### Task objective:
All lines from the one containing "Стенды для кукол" through the last line below must be duplicated exactly, with nothing outside that span.

[Stored dataset items]
* * * * * * *
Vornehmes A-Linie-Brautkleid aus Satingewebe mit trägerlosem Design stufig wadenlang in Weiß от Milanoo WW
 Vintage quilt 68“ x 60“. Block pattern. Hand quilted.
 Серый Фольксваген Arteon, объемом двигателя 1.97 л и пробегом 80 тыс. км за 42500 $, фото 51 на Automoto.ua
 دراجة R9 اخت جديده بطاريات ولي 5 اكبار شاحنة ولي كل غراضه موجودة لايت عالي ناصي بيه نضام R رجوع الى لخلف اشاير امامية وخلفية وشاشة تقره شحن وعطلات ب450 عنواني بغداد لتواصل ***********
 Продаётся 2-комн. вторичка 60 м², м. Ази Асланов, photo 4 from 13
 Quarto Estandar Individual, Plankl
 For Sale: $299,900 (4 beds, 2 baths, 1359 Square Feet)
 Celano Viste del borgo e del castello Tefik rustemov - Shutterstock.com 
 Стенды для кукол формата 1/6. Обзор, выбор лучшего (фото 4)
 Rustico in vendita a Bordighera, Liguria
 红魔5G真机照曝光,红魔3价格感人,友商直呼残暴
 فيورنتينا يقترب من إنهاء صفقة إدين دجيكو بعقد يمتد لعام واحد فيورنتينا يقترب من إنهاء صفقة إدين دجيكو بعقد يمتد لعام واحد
* * * * * * *
### Solution:
 Стенды для кукол формата 1/6. Обзор, выбор лучшего (фото 4)
 Rustico in vendita a Bordighera, Liguria
 红魔5G真机照曝光,红魔3价格感人,友商直呼残暴
 فيورنتينا يقترب من إنهاء صفقة إدين دجيكو بعقد يمتد لعام واحد فيورنتينا يقترب من إنهاء صفقة إدين دجيكو بعقد يمتد لعام واحد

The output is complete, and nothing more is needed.